Exercise requirements =>
When you reach the line below that has "And there we", start returning lines exactly, and stop after the line that has "Thank you for"; skip the pictures.

Given information =>

******

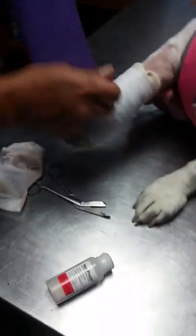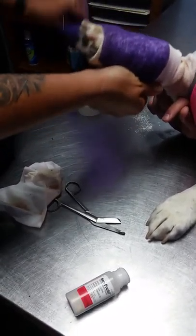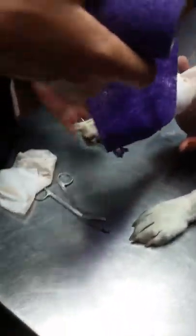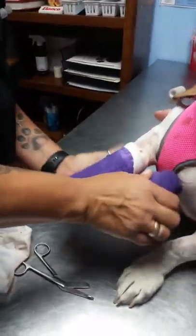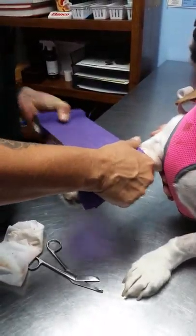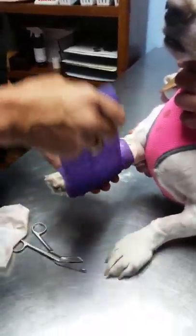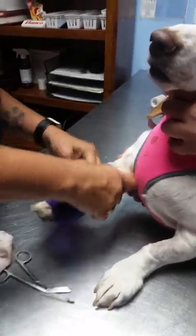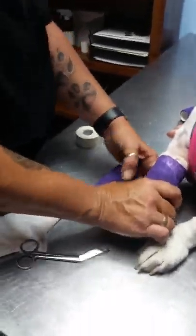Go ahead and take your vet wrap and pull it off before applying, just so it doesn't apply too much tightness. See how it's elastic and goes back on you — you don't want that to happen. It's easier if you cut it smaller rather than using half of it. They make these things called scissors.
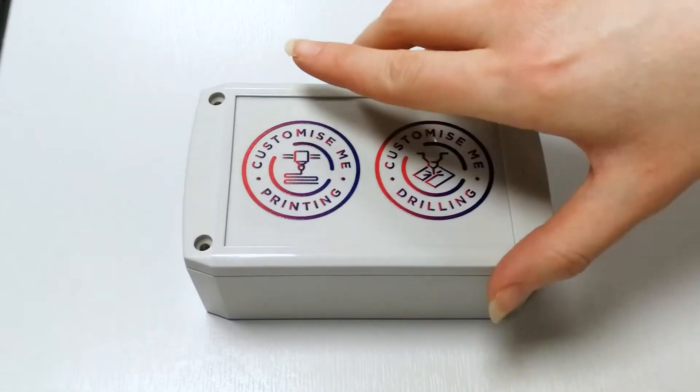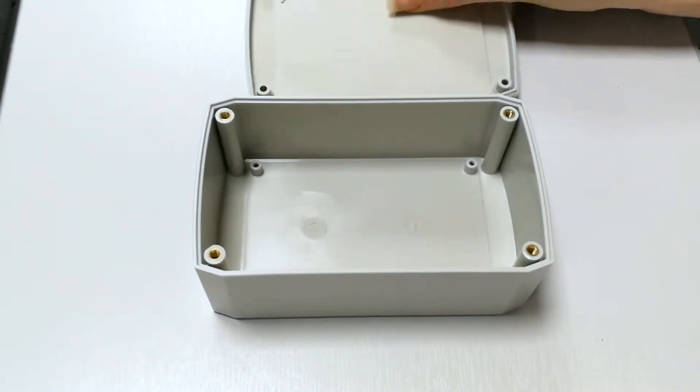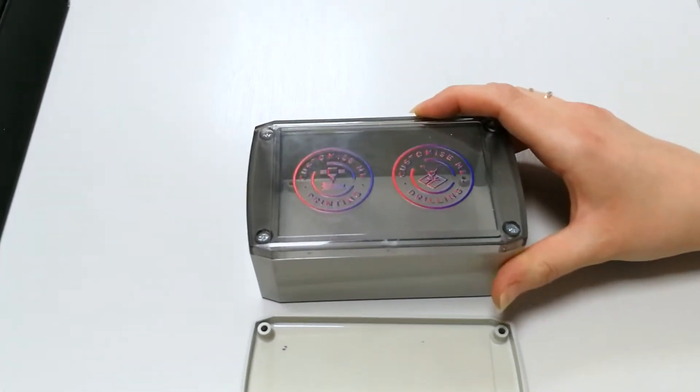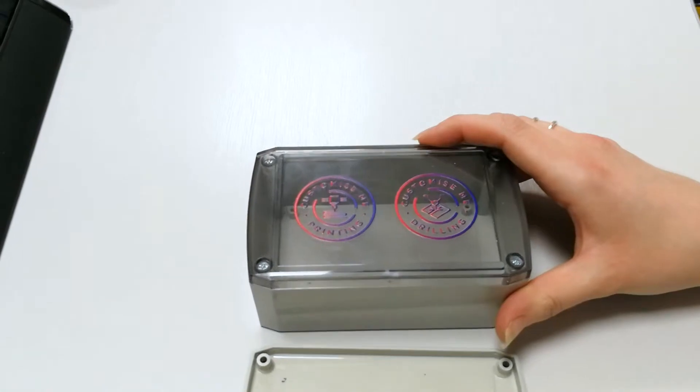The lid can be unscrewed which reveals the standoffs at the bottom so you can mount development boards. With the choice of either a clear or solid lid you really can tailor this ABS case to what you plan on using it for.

******

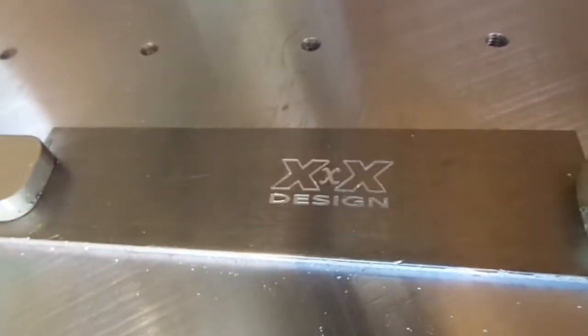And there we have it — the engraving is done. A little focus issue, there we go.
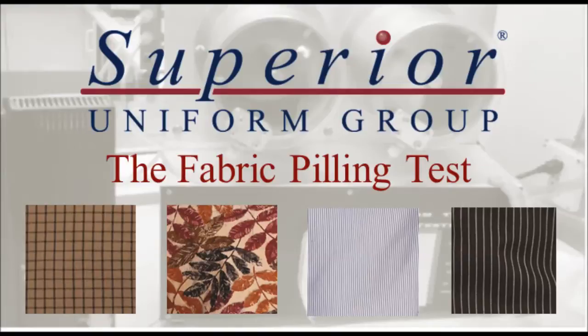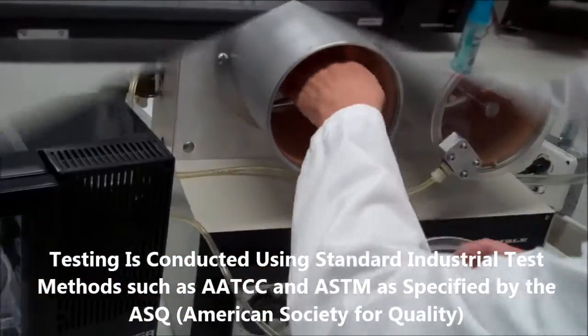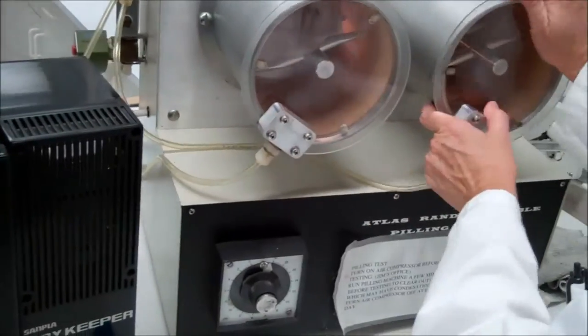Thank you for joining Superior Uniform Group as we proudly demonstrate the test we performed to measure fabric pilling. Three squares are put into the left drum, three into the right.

******

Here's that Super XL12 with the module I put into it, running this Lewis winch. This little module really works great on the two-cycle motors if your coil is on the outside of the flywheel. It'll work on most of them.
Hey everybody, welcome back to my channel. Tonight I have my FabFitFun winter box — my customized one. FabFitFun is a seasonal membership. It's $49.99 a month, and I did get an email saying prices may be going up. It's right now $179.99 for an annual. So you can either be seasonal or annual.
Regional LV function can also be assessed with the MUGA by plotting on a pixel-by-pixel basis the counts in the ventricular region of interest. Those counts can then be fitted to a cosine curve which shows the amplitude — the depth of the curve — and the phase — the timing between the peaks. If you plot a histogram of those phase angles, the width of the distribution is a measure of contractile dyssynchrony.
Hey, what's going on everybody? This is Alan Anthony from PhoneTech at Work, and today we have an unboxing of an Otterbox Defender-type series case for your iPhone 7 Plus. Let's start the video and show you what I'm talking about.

******

Response area =>
And there we have it — the engraving is done. A little focus issue, there we go.
Thank you for joining Superior Uniform Group as we proudly demonstrate the test we performed to measure fabric pilling. Three squares are put into the left drum, three into the right.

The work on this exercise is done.